→ EXERCISE AIM:
Could you set down exactly the lines in the records below between the line holding "the cat is sick" and the line holding "Công đoạn nấu bánh canh cua giò heo", inclusive?

Caption-style text data:
#####

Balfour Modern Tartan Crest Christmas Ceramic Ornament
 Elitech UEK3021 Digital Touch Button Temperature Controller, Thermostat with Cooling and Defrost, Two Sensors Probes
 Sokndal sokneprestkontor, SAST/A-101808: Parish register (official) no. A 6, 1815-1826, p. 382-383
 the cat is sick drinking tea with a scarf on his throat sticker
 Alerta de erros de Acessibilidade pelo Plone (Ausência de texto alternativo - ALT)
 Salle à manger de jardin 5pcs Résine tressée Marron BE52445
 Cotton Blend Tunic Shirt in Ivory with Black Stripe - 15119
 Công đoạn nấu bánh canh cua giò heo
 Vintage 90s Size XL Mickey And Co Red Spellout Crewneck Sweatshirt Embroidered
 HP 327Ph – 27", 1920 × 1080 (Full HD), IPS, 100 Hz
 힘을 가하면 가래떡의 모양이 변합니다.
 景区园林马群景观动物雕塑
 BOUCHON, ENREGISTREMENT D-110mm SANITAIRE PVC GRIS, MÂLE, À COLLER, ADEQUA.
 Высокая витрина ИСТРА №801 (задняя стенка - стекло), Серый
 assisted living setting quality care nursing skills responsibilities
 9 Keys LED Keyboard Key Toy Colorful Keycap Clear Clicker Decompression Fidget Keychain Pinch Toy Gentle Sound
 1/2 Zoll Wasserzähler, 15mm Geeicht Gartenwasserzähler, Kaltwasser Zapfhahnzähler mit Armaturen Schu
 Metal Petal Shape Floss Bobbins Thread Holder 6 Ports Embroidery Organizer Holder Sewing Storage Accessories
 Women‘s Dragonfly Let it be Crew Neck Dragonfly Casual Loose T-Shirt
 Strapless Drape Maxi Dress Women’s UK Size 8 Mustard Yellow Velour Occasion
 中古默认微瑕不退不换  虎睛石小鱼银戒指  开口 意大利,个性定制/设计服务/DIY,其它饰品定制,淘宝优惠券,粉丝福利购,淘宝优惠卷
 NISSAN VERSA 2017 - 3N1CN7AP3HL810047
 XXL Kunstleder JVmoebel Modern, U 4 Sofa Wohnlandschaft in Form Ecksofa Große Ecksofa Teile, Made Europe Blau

#####

→ RESPONSE TO THE TASK:
 the cat is sick drinking tea with a scarf on his throat sticker
 Alerta de erros de Acessibilidade pelo Plone (Ausência de texto alternativo - ALT)
 Salle à manger de jardin 5pcs Résine tressée Marron BE52445
 Cotton Blend Tunic Shirt in Ivory with Black Stripe - 15119
 Công đoạn nấu bánh canh cua giò heo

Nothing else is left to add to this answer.